TASK STATEMENT:
Below this line is a listing that includes pictures. Copy exactly, and only, the lines from the one containing "Galima filtruoti 1 14unf fi90 5 h 219mm d111" through the one containing "VT license plate WJI631"; the pictures do not go in the copy.

SUPPLIED DATA:
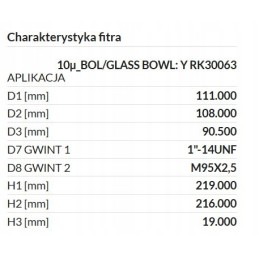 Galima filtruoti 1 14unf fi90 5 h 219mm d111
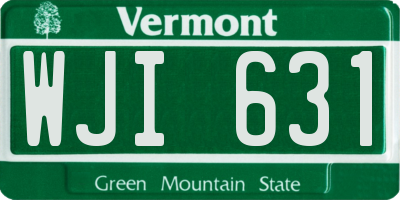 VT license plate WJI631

...

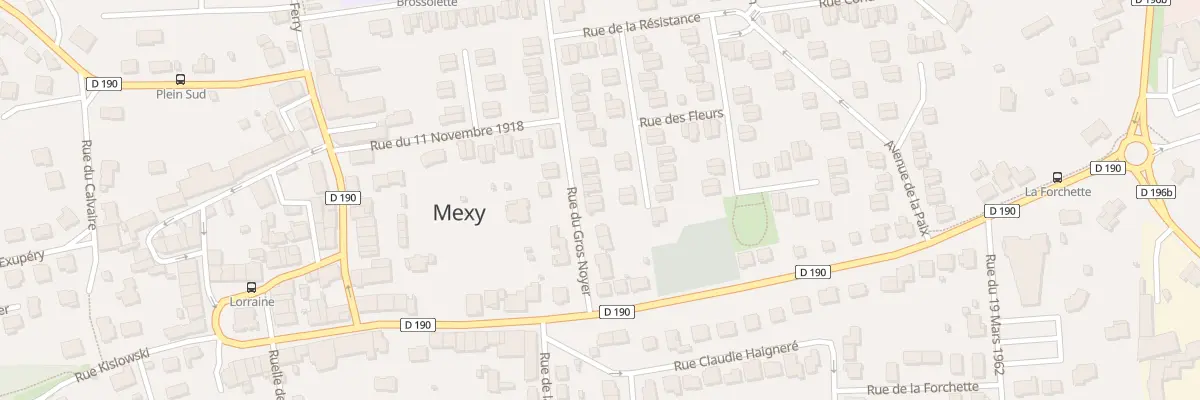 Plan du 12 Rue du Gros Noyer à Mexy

ANSWER FOR THIS EXERCISE:
 Galima filtruoti 1 14unf fi90 5 h 219mm d111
 VT license plate WJI631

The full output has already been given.